Это, как поясняет Лера, подарки того самого издателя. Сам он такого дерьма не читает, чистоплюй, зато издает тоннами!
Она не просто раздражена – она агрессивна, чего раньше за ней не замечалось. Вообще появилось много непривычного: серьги, дорогая вырезка, не менее дорогая спаржа (раньше кормила сосисками), и стрижка новая: короткая, и пряди разных оттенков. Может, думаю, попросить почитать стихи? Во время чтения заостренное лицо Леры разглаживалось, лихорадка из глаз уходила, и в них появлялось мерцание, идущее откуда-то из глубины. Хорошие ли это были стихи? На мой вкус, хорошие (Каткевич порой критиковал, но он же и есть – критик!). А главное, после этого Лера шла на все, она делалась почти пластилиновая…
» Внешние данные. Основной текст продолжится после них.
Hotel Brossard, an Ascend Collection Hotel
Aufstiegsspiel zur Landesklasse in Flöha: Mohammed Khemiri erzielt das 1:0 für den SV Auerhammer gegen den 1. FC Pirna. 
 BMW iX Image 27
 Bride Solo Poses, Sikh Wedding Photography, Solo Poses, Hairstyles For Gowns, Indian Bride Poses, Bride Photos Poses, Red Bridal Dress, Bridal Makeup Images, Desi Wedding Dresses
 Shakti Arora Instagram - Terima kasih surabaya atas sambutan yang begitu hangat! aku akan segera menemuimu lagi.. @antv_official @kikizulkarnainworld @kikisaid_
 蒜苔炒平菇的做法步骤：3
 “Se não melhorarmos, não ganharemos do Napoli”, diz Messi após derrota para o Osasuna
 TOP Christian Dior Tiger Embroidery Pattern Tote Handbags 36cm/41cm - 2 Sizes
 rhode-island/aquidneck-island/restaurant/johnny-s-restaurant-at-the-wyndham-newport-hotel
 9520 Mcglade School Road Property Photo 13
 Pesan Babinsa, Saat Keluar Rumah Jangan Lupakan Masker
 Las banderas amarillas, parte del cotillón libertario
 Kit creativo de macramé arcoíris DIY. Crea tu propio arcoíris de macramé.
В этот момент, однако, врываются Горлов с Балабиным, запирают дверь и прикладывают пальцы к губам, мол, т-сс! Эй, в чем дело?! Тут вообще-то ужин при свечах, а вы…
– Спецназовцы шмон проводят! – шепчет Горлов, – Они теперь каждый вечер сюда ходят, ищут кого-то! Таджика с пятого этажа сейчас так отмудохали – скорую впору вызвать! А виноват он только в том, что разрез глаз не тот!
– «А виноват ты в том, что хочется мне кушать…», – бормочет Балабин и втягивает носом воздух, – мне, между прочим, хочется кушать! А тебе, Горлов?
– Аск! То есть, йес, натюрлих! А это, так сказать, от нашего стола – вашему столу!
Они выставляют водку, усаживаются и лезут в сковороду. В коридоре грохочут кованые ботинки, в дверь стучат, но поэты красноречивыми жестами призывают соблюдать тишину. Оба давятся от смеха и, когда топот стихает, начинают шепотом, со всхрюкиванием петь: «Вихри враждебные веют над нами». Мы же с Лерой, кажется, рады, что можно молча наблюдать за двумя придурками и не терзать себя дежурными словами…
– Ты где будешь спать? У меня есть лишний матрас, могу постелить на полу.
Слабая надежда (мол, постель все поправит) гаснет. Я пожимаю плечами, а Лера, доставая из шкафа матрас, говорит:
– Не обижайся, у меня… В общем, у меня месячные.
Я не обижаюсь, я привык. Я не хочу истощить то, за что зацепился, у меня в жизни это уже было, причем совсем недавно.
4
Когда небоскреб на Смоленской распахнул таки двери, я выстоял полтора часа, чтобы узнать: они не визируют документы без визы Министерства юстиции! Я уперся: не занимайтесь бюрократией, какая разница: кто первый?! Я же потом все равно в посольство бумаги понесу, там обязательно проверят: все ли визы на месте? Однако дама в сером пиджаке уже смотрела сквозь меня, они это умеют: выключают тебя из поля зрения, и ты превращаешься в нечто эфемерное, как душа покойника. Я вяло спросил про начальство, но чиновница уже занималась другим клиентом, который поглядывал в мою сторону с осуждением, мол, не отвлекай важного человека!